吉作落としのサクッとあらすじ!
まずは、登場人物と簡単なあらすじを見ておこう♪
- 吉作…いわたけを採って暮らす若者。身も心もたくましく立派。
- 岩茸を採って暮らしているたくましい吉作という青年がいた。
- 初めての場所に行ったが、一時の気の緩みで岩場に1人取り残されてしまう。
- 飢えと寒さから意識は朦朧とし、ついに岩場から身を投げてしまう。
- その岩場は「吉作落とし」と言われるようになり、山に入る人の戒めとなった。
吉作落としのあらすじ!
昔々、そそり立つ岩と原生林で有名な豊後の国、
傾山のふもと、うわはたの里にたくましい1人の若者がおった。
名を吉作といい、岩茸を採って暮らしていた。
父も母も亡くなっていたが身も心もたくましい青年だった。
岩茸はそそりたつ岸壁に生えているため、綱一本を頼りに岸壁にへばりつきながら岩肌からかき採るという大変な仕事だった。
ある秋の日、吉作はいつも通り岩茸を採りに出かけた。
しかし、行き馴れた場所ではなく、初めての場所にはいった。
そこには岩茸がたくさん生えており、吉作は無我夢中で岩茸をかき採っていった。
みるみるうちに腰のかごはいっぱいになり吉作はウキウキしていた。
ふとみるとちょうど人一人座れるくらいの小さな岩棚があることに気づいた。
吉作がそこで休憩することにした。
「さあ、そろそろ帰ろうか」
そう思って立ち上がった吉作は自分を支えていた綱がはるか上にあることに気づいた。
「し、しまった」
とても手が届かない。
綱がないと上へあがることができない。
吉作は必死で手を伸ばしたり、岸壁をよじ登ろうとした。
しかし、どうやっても綱に手が届かない。
吉作は自分一人では登ることも降りることもできなくなってしまった。
「おおーい、たすけてくれえー」
力の限り叫ぶも、吉作の声はむなしく山々に木霊するばかり。
それでも叫ぶが、その声がふもとの村に届くころには人の声ではなく、まるで化け物の叫び声のようになってしまった。
村人は気味悪がってますます山に近づかなくなってしまった。
1人で暮らしていた吉作が行方不明になったこととその声の正体と結びつけるも者も誰もいない。

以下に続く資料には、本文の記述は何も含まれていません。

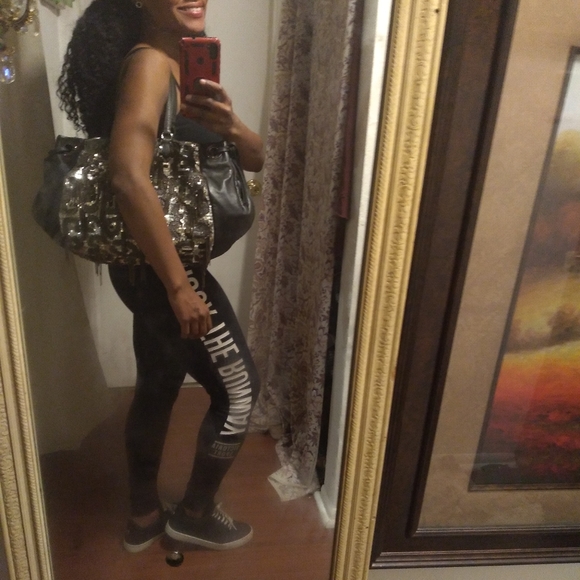 💥RARE‼️💯VALENTINO SEQUIN GLAM CHAIN TOTE - Picture 7 of 16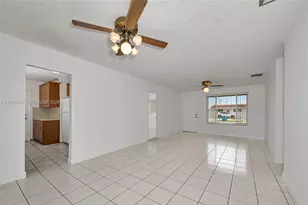 3210 SW 94th Ct, Miami, FL 33165 - Photo 11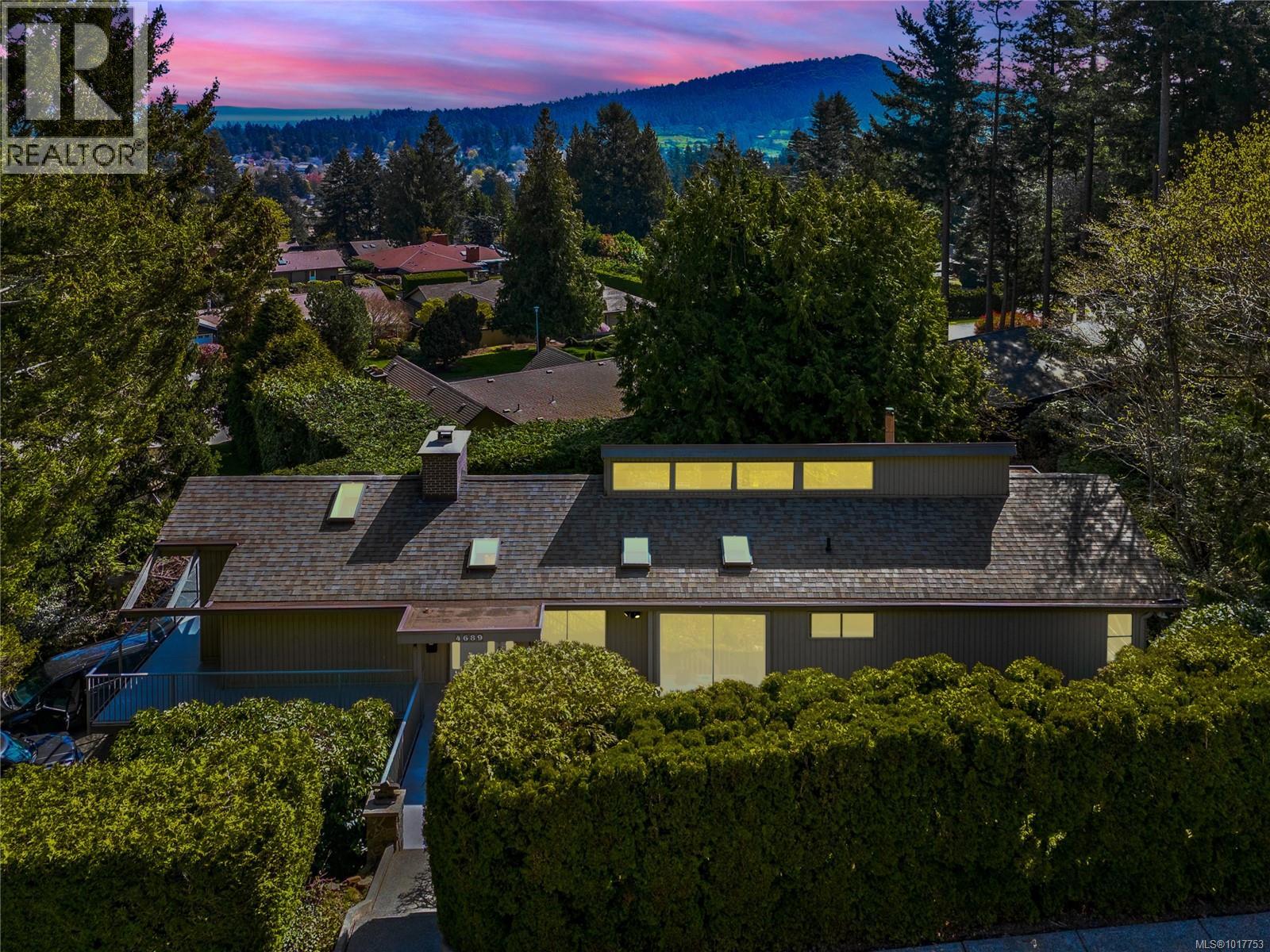  4689 Boulderwood Drive, Saanich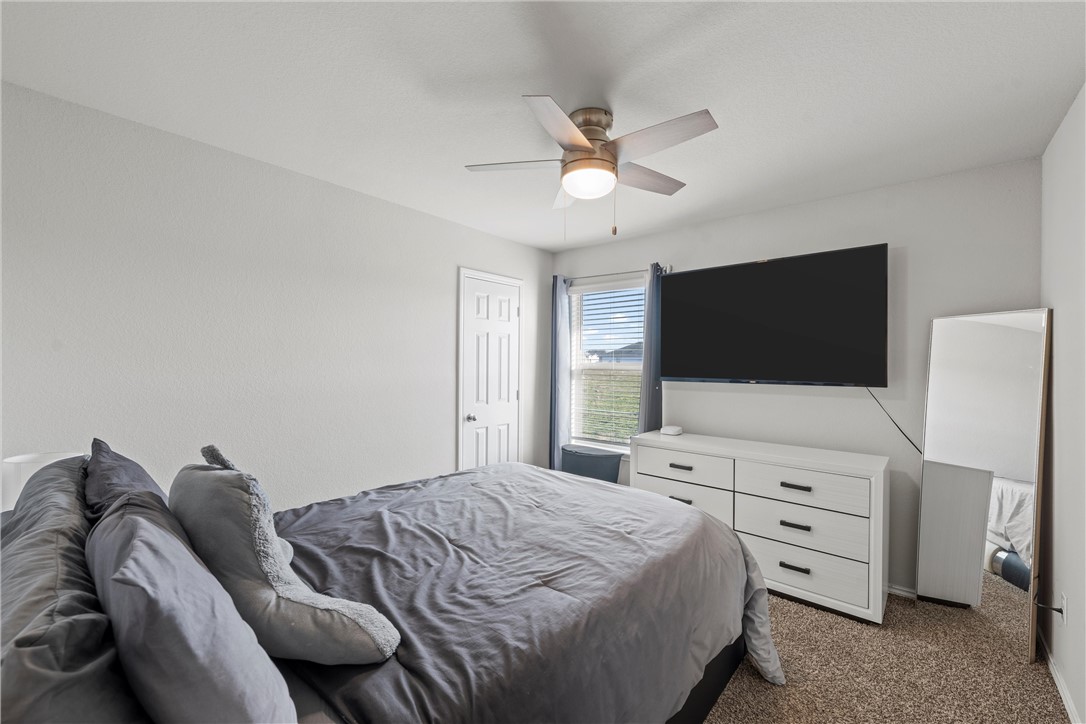 7009 Llano Drive, China Spring, Texas image 12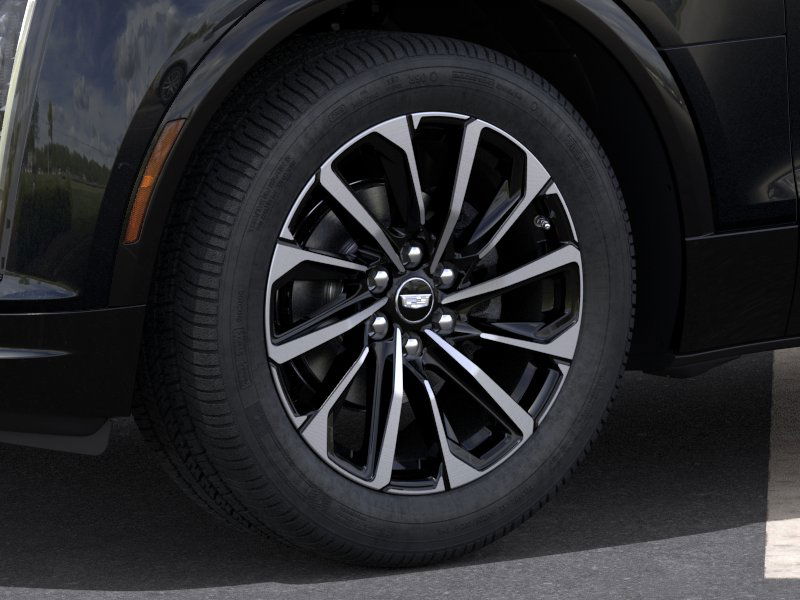 Thumbnail: 2025 Cadillac Lyriq - 6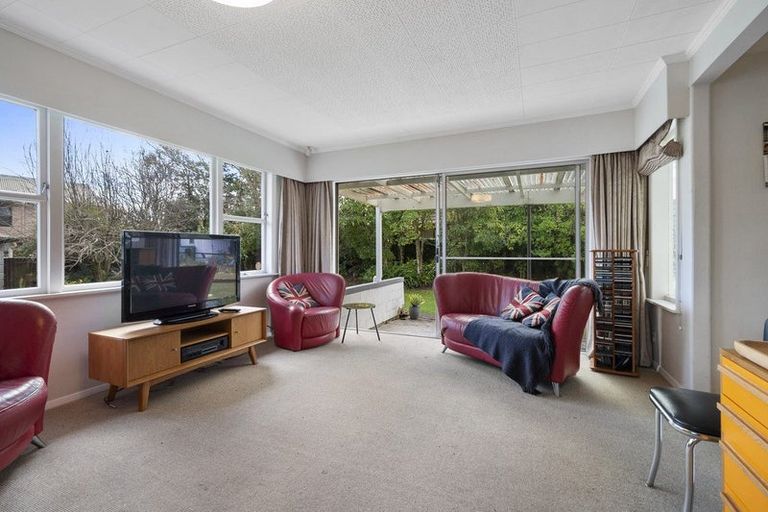 Photo of property in 9 Athlone Place, Hokowhitu, Palmerston North, 4410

そのまま何日か経ち、飢えと寒さのために、吉作の意識はほぼ失われかけていた。
すると吉作の目に空を自由に飛んでいる鳥の姿がうつった。
「ああ、おらも自由に空が飛べたら…」
わずかに動くと小石が下に落ちていった。
まるで木の葉が舞い降りていくようにふんわりと。
「おらもここから身をなげたら、
あの石のように林の中にふんわりと静かに谷間に降りれるかも」
吉作の目には遠くの山並みがぼんやりと見えた。
そしてついに吉作は岸壁から身を躍らせた。
初めて見る谷間の木々の紅葉の美しさ。
吉作はその中へ吸い込まれていった。
ほんのちょっとの気の緩みで命を落としてしまった吉作。
このことに気づいた村人は、あの岩場を「吉作落とし」と名付け、山に登る人々の戒めとしたのだった。
吉作落としのまとめ、教訓と感想!
大分県に伝わる昔話です。
岩場に1人取り残される恐怖。考えただけでゾッとしますね。
このお話からは、
- 山に登るときは2人以上で
- 気の緩みが命を落とす
ということがわかりますね。
怖い。
じんわりと怖さが広がってくる。
特に高所恐怖症の人はトラウマものだよね…。